### RECORDED INFORMATION:
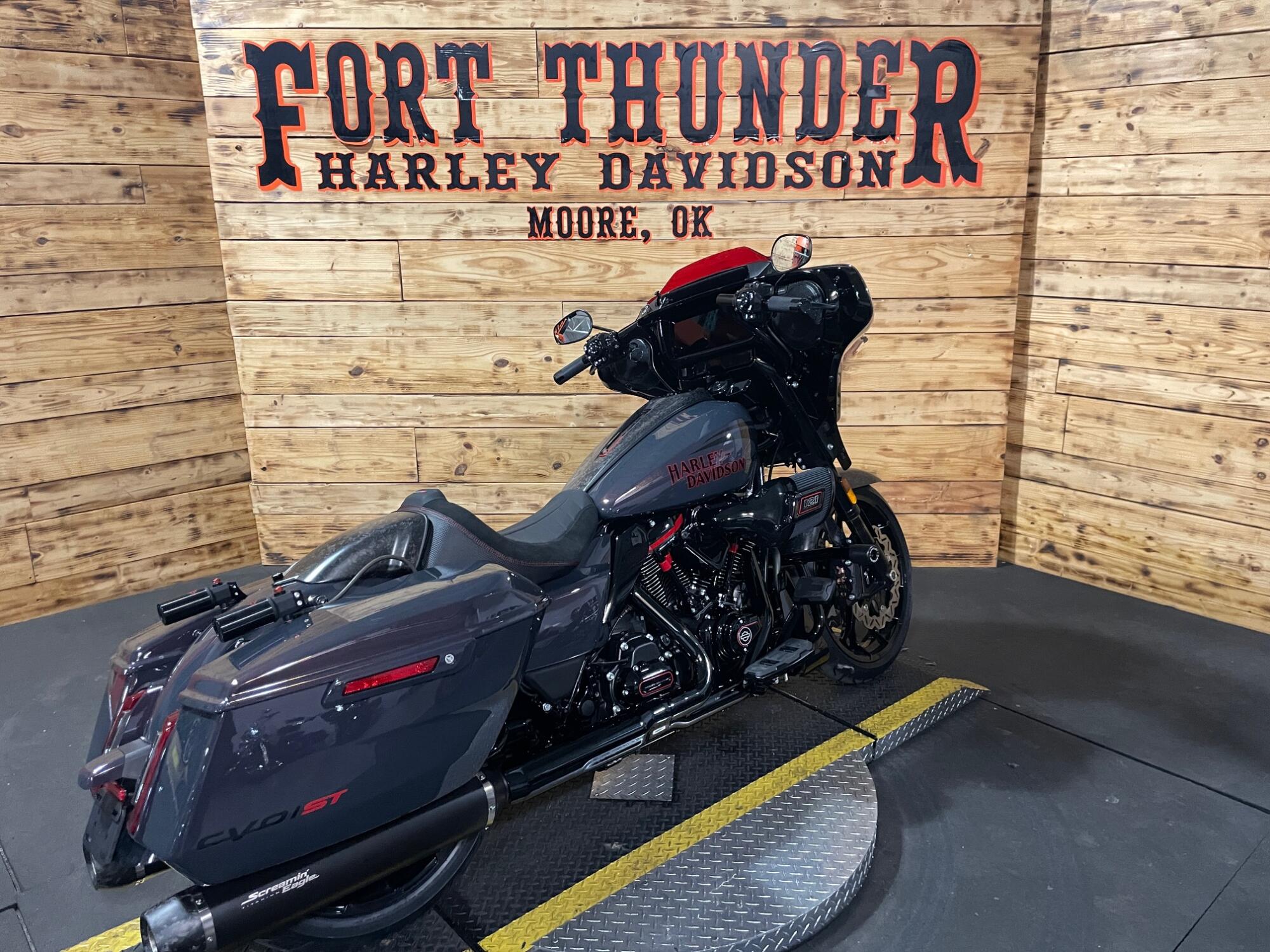 2026 Harley-Davidson® CVO Street Glide ST FLHXSTSE, photo 15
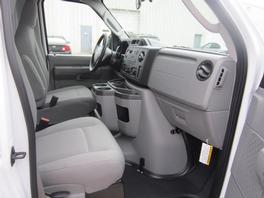 Ford Econoline 4dr Auto 2WD LX W/3rd Row Passenger Van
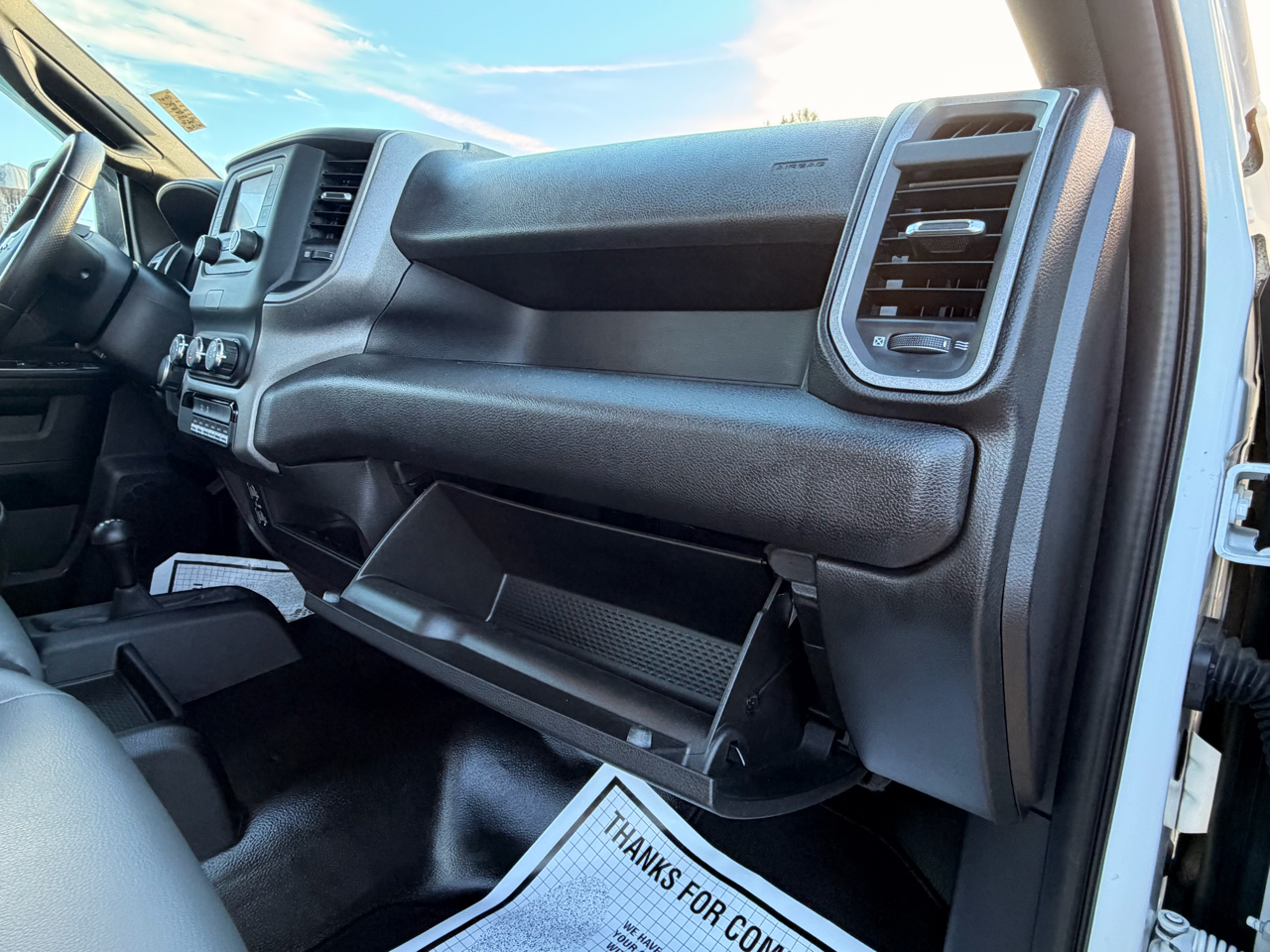 RAM 2500 Tradesman Reg Cab 4WD 2024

### WHAT YOU NEED TO DO:
Output all of the data above exactly; no pictures should appear.

### TASK RESULT:
 2026 Harley-Davidson® CVO Street Glide ST FLHXSTSE, photo 15
 Ford Econoline 4dr Auto 2WD LX W/3rd Row Passenger Van
 RAM 2500 Tradesman Reg Cab 4WD 2024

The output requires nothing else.